L’Achourâ est en effet considéré comme symbole de la dénonciation de l’injustice et de l’esclavage, et l’on considère qu’il donna spirituellement naissance à la Révolution islamique. Le poète voyait dans la révolte audacieuse de son peuple les mêmes caractères déjà perçus chez les martyres de Kerbala : le peuple iranien s’était insurgé contre l’injustice pahlavie, en réclamant sa liberté. Mais le goût de la liberté se manifesta surtout dans la poésie de guerre ; (celle qui éclata entre l’Iran et l’Iraq en 1980). Le poète n’était plus le passif chanteur d’un deuil ancien, mais il s’installait en plein milieu de la tragédie ; il voyait de ses propres yeux le dévouement, le courage, et l’amour pour la patrie de ses "frères", dont la gorge se gonflait d’un sang rose tandis qu’ils se remémoraient le "jardin perdu au milieu d’une haie vive." Il considérait la guerre comme une grâce accordée par Dieu qui s’adonnait pour lors à cueillir "les plus belles fleurs de son jardin". C’était comme si les portes du ciel s’étaient ouvertes aux plus méritants des humains.
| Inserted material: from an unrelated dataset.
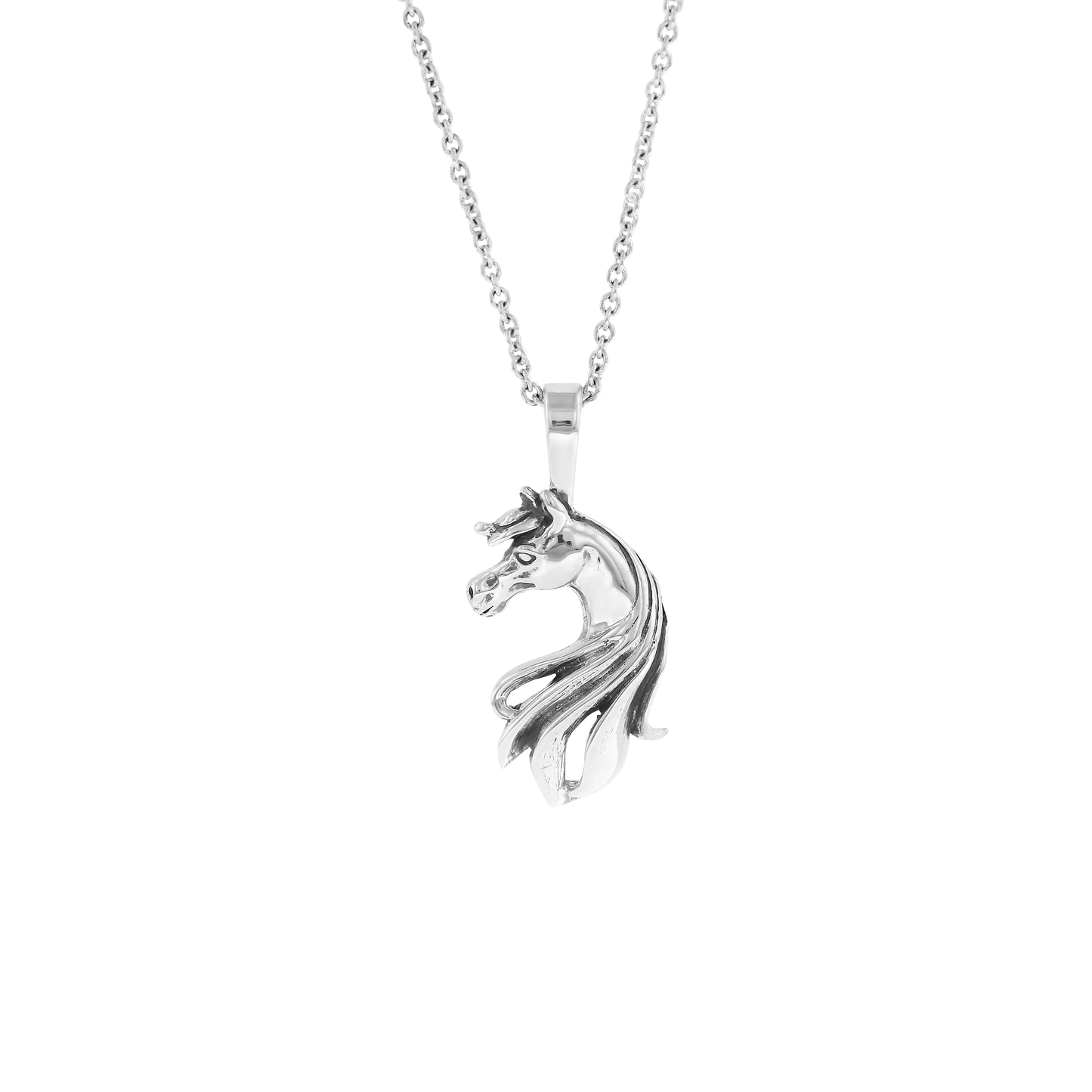 Sterling Silver Horse Head Pendant Necklace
Voilà comment vont les choses pour les poètes de guerre, pour les Gheysar Aminpour, Salmân Harati, Alireza ghazveh et pour Hassan Hosseini.
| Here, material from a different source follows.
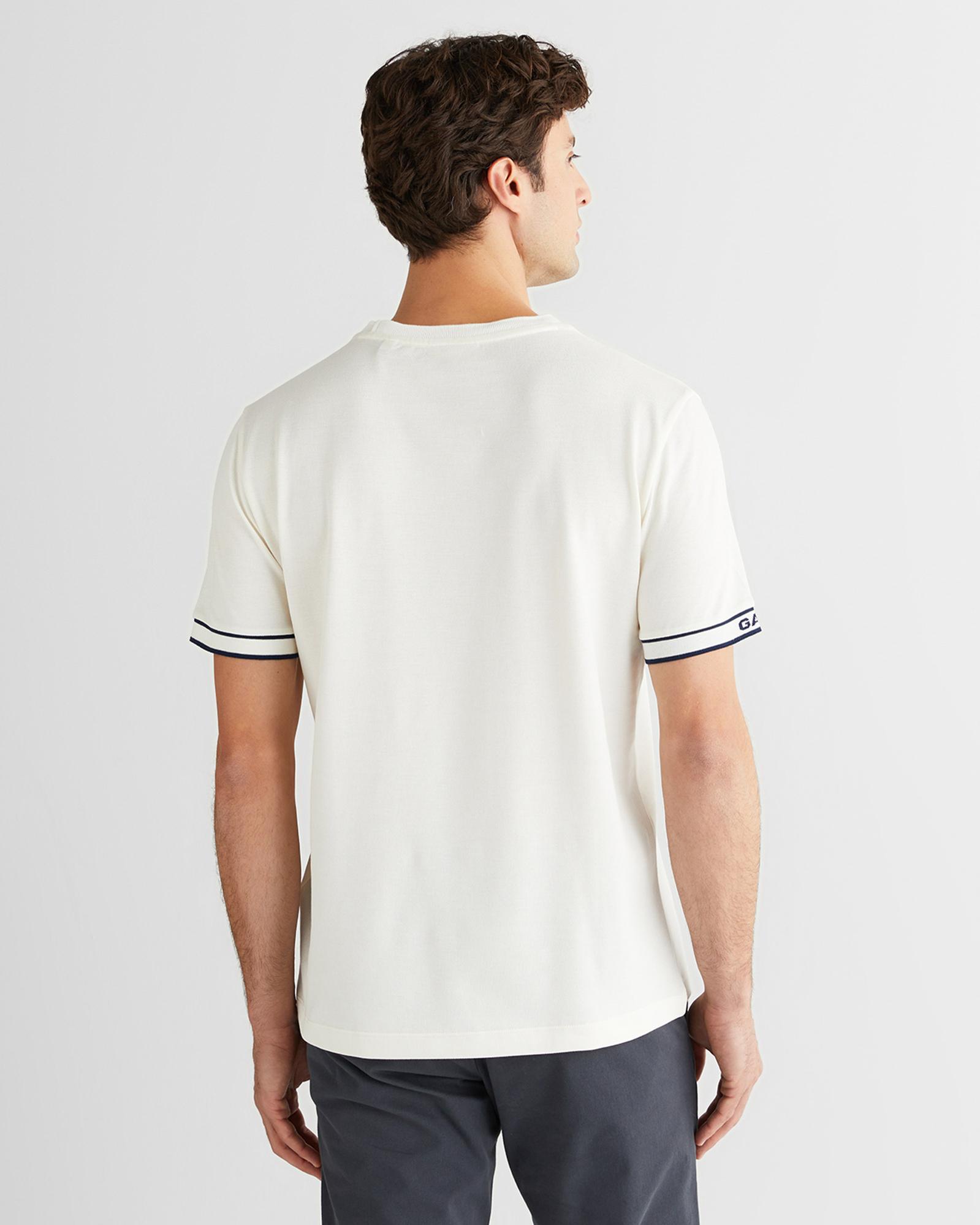 GANT Erkek Beyaz Regular Fit Bisiklet Yaka T-Shirt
Né en 1956 à Téhéran, Hosseini est considéré comme l’un des plus célèbres poètes de la Révolution et de la guerre. Il mit en effet sa poésie au service des valeurs révolutionnaires dont les plus considérables, à ses yeux, étaient de désobéir à la tyrannie, de conserver le goût de la liberté et de dénoncer l’oppression des plus faibles. Poète qui ne tergiverse pas avec les valeurs révolutionnaires, et qui s’attaque à ce titre aux poètes et érudits qui selon la circonstance renoncent à leur engagement. Ses textes de forme courte reflètent la dimension critique de son oeuvre :

"Un poète emprunat de l’argent
Sa poésie se calma alors"


Sa structure poétique de prédilection reste à n’en pas douter le quatrain. Sous cette forme, il a composé de beaux textes que l’on continue aujourd’hui encore de fredonner eu égard à la pureté et à la force des images qu’ils véhiculent. Celles-ci ont trouvé place au sein d’une langue joliment ornementée, claire malgré l’influence évidente de Bidel Dehlavi, grand maître du style indien, à qui Hosseini a d’ailleurs consacré un essai. Son œuvre poétique comporte les recueils Moineau et Gabriel, Tous en cœur avec la glotte d’Ismaël et Limailles de fer.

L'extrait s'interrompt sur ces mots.